Motorists currently need a permit to park in those areas between 5pm and 7pm, and it has ensured residents get a space.
But the zone, which was introduced in March, could now be axed because of the impact it’s having on nearby roads which don’t have parking restrictions.
It has been found that people who don’t qualify for a permit in the zone are leaving their vehicles elsewhere, causing problems for residents.
Steve Shoesmith, of Bramble Road, is furious about the move as he used to struggle to find a space in his road as it was taken up by people who didn’t live there.
It meant he would have to park elsewhere and get a fine.
‘I had hundreds of tickets before because I couldn’t get a place to park,’ he said.
‘I’m absolutely furious about this. The council should either make the whole city permit parking or get rid of it all.’
Cllr Ken Ellcome, Tory cabinet member for traffic and transport, will make a decision at a meeting on Thursday at Portsmouth Guildhall from 10am.
Phil Wright, of Havelock Road, said: ‘Life was a nightmare before we got the zone.
‘Residents went to the trouble of making sure there was support for the scheme and it went through due process.’
Brian McCreesh, also of Havelock Road, said in a letter to Cllr Ellcome: ‘One of the considerations in the MC Zone decision was the issue of long-term parking of student cars which are not allowed in student halls or which remain registered at a parent’s address.
‘Your proposal will only encourage this again.’
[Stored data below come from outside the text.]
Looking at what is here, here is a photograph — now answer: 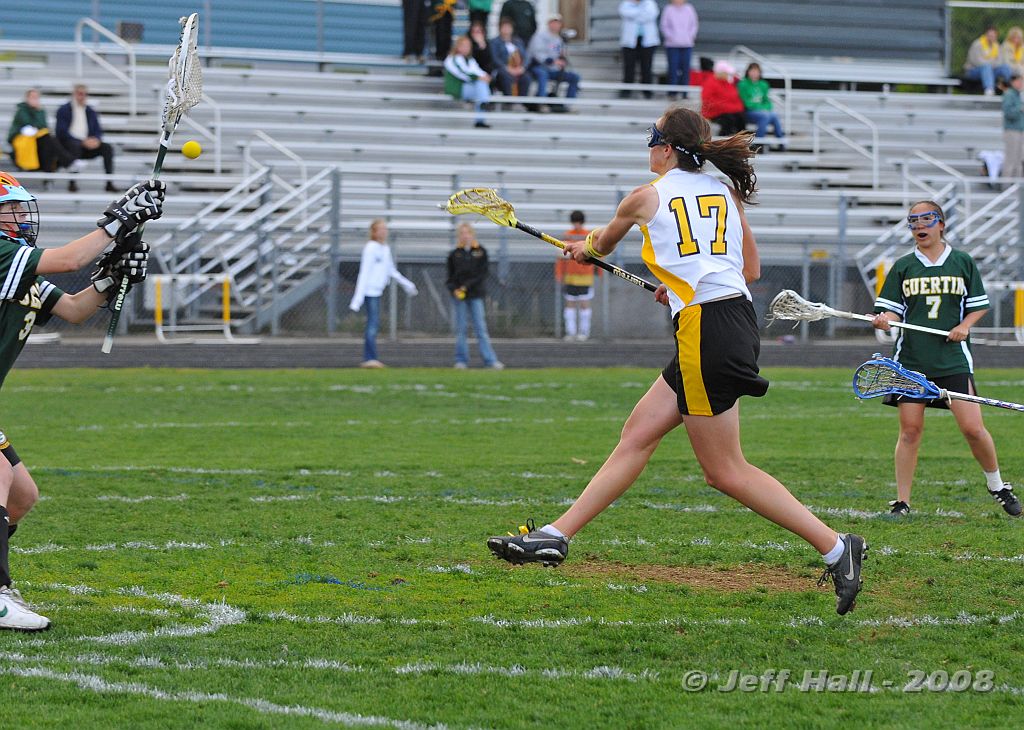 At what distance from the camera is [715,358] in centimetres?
545

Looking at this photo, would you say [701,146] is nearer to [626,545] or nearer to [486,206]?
[486,206]

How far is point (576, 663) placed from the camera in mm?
4934

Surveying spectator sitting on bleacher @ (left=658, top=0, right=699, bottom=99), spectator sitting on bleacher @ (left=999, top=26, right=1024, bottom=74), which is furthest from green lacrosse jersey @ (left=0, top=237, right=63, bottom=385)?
spectator sitting on bleacher @ (left=999, top=26, right=1024, bottom=74)

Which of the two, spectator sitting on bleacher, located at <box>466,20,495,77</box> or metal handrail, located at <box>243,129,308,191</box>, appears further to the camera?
spectator sitting on bleacher, located at <box>466,20,495,77</box>

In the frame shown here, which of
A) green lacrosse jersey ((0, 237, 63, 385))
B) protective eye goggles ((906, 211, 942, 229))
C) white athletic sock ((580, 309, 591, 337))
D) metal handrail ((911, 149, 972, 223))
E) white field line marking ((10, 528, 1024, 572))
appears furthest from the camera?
metal handrail ((911, 149, 972, 223))

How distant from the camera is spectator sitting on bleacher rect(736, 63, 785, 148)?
26.2 m

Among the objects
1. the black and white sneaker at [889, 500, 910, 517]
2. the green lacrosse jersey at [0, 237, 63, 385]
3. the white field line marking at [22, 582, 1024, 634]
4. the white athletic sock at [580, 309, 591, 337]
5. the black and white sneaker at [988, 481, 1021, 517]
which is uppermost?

The council might also alter another zone in Southsea so that its restrictions are part-time as hundreds of spaces within it are not being used.
Cllr Ellcome said: ‘The problem with displacement parking has been pushed on, which is why the last administration before the elections surveyed another five areas.
‘If we are not careful, we will be pushing this problem across the south of the city.’
He insisted the move wasn’t a political one.